Hanspeter Kriesi (born 1949) is a professor of political science at the European University Institute in Florence. Between 2012 and 2020 he was the Stein Rokkan Chair in Comparative Politics. Previously, he has been teaching at the universities of Amsterdam, Geneva and Zurich. He was born in Bischofszell, Switzerland.

His wide-ranging research interests include the study of direct democracy, social movements, political parties and interest groups, public opinion, the public sphere and political communication. He was the director of a Swiss national research programme on "Challenges to democracy in the 21st century" from 2005 to 2012. From 2014 to 2019 he has been the principal investigator of the ERC project "Political Conflict in Europe in the Shadow of the Great Recession".

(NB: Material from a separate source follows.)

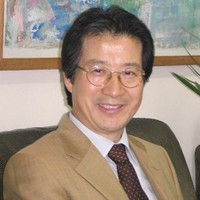 Tainam Jung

Since summer 2019, Kriesi is one of the three principal investigators of the SOLID project that investigates the novel conflicts about sovereignty, solidarity, and identity in the European Union and asks what made them emerge and escalate during a series of recent crises.

== Awards ==
Kriesi won the Francqui chair for the 2015–2016 and in 2017 the Mattei Dogan Foundation Prize in European Political Sociology.

== Publications ==
- Hutter, Swen and Hanspeter Kriesi (eds.) 2019. European party politics in times of crisis, Cambridge University Press.
- Bernhard, Laurent, Flavia Fossati, Regula Hänggli and Hanspeter Kriesi 2019. Debating Unemployment Policy. Political Communication and the Labor Market in Western Europe, Cambridge University Press.
- Snow, David A. Sarah A. Soule, Hanspeter Kriesi and Holly J. McCammon (eds.) 2019, The Wiley Blackwell Companion to social movements, new and expanded edition, New York: Wiley.
- Kriesi, Hanspeter 2018. Revisiting the populist challenge. Czech Journal of Political Science 1: 5-27.
- Ferrin, Monica and Hanspeter Kriesi (eds.) 2016. How Europeans view and evaluate democracy. Oxford University Press.
- Hutter, Swen, Edgar Grande and Hanspeter Kriesi (eds.) 2016. Politicizing Europe. Integration and mass politics. Cambridge University Press.
- Hernandez, Enrique and Hanspeter Kriesi 2016. Turning your back on the EU. The role of Eurosceptic parties in the 2014 European Parliament elections, Electoral Studies.